また、検知デバイス10は、さらに複数のファインダを含んでいてもよい。例えば、複数のファインダのそれぞれは、フロントグリル、車体の側面、ドアミラー、前照灯内部、側方灯付近、トランクリッド、車体の側面、尾灯内部等に取り付けられる。各ファインダは、例えば、照射光に対する散乱光を測定し、対象までの距離を測定するLIDAR(Light Detection and Ranging、或いはLaser Imaging Detection and Ranging)である。各ファインダは、測定した距離を示す信号を車両制御装置100に出力する。
第1の実施形態における検知デバイス10は、少なくとも複数のレーダを含んでいればよく、カメラやファインダは省略されてもよい。
通信装置20は、例えば、セルラー網やWi−Fi網、Bluetooth(登録商標)、DSRC(Dedicated Short Range Communication)などを利用した無線通信を行う。
車両センサ30は、車速を検出する車速センサ、加速度を検出する加速度センサ、鉛直軸回りの角速度を検出するヨーレートセンサ、自車両Mの向きを検出する方位センサ等を含む。各種センサは、検出結果を示す検出信号を車両制御装置100に出力する。
操作デバイス40は、例えば、アクセルペダル40aを含む。アクセルペダル40aは、運転者による加速指示(或いは戻し操作による減速指示)を受け付けるための操作子である。また、操作デバイス40は、ブレーキペダル、ステアリングホイールなどを含んでもよい。ブレーキペダルは、運転者による減速指示を受け付けるための操作子である。ステアリングホイールは、運転者による旋回指示を受け付けるための操作子である。
操作検出センサ42は、操作デバイス40に対する操作量を検出するセンサである。例えば、操作検出センサ42は、アクセルペダル40aの踏み込み力(或いは踏み込み量)を検出し、検出結果を示すアクセル開度信号を車両制御装置100に出力するアクセル開度センサ42aを含む。また、操作検出センサ42は、ブレーキペダルの踏み込み力(或いは踏み込み量)を検出し、検出結果を示すブレーキ信号を車両制御装置100に出力するブレーキ踏量センサ、ステアリングホイールの操作角やステアリングホイールに加えられたトルクを検出し、検出結果を示すステアリング信号を車両制御装置100に出力するステアリングセンサ等を含んでもよい。なお、操作検出センサ42は、検出結果を示す信号を車両制御装置100に出力するのに代えて、アクセル開度信号を走行駆動力出力装置90に直接出力したり、ブレーキ信号をブレーキ装置92に直接出力したりしてもよい。

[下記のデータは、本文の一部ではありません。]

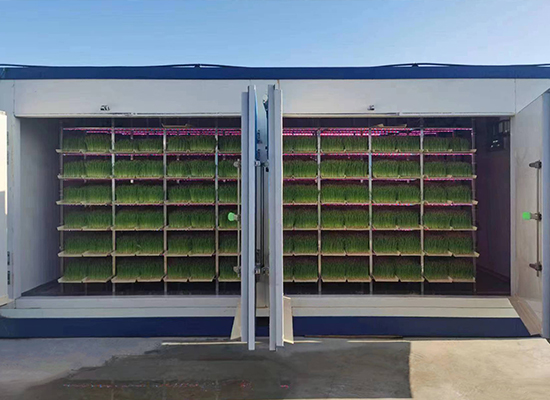 吉林春光集團牧草工廠(chǎng)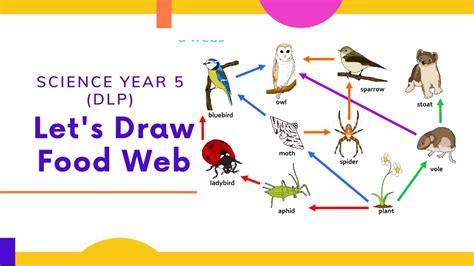 Easy Way To Draw Food Web Science Year 5 Dlp Youtube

追従定速スイッチ50は、追従走行または定速走行を開始させる指示操作を受け付けるスイッチである。追従走行とは、例えば、先行車両との車間距離を一定に保つような速度で自車両Mを走行させる走行態様である。例えば、追従走行時の速度は、先行車両の速度と同程度であってもよいし、先行車両の速度が上限速度(例えば車道の法定速度)を超える場合には、上限速度であってもよい。

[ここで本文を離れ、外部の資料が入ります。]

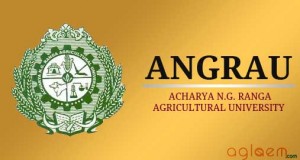 ANGRAU-Acharya-NG-Ranga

また、定速走行とは、自車両Mの前方における所定距離以内に先行車両が存在しない場合、予め定められた一定の目標速度(または目標加速度や目標躍度等)で自車両Mを走行させる走行態様である。追従定速スイッチ50は、追従走行または定速走行を開始させる指示操作を受け付けると、当該指示操作を示す指示信号を車両制御装置100に出力する。操作デバイス40に含まれるアクセルペダル40a、追従定速スイッチ50、および一時前進スイッチ60は、「受付部」の一例である。また、一時前進スイッチ60は、「アクセルペダル40aと異なる操作子」の一例である。

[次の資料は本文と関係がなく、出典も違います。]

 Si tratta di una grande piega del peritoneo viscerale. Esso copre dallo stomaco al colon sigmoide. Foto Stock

定速設定スイッチ55は、定速走行時の目標速度(または目標加速度や目標躍度等)を設定する指示操作を受け付けるスイッチである。例えば、定速走行時の目標速度は、定速設定スイッチ55の操作に応じて設定される。
一時前進スイッチ60は、例えば、自車両Mの走行態様が追従走行である場合に、運転者から指示操作を受け付けるスイッチである。一時前進スイッチ60は、指示操作を受け付けると、追従走行時に目標とする先行車両との車間距離(以下、目標車間距離と称する)を変更する。例えば、一時前進スイッチ60の操作を受けることで、目標車間距離は、予め定められた上限および下限の範囲内で、5[m]、10[m]、20[m]、40[m]、80[m]といったように段階的に設定されてよい。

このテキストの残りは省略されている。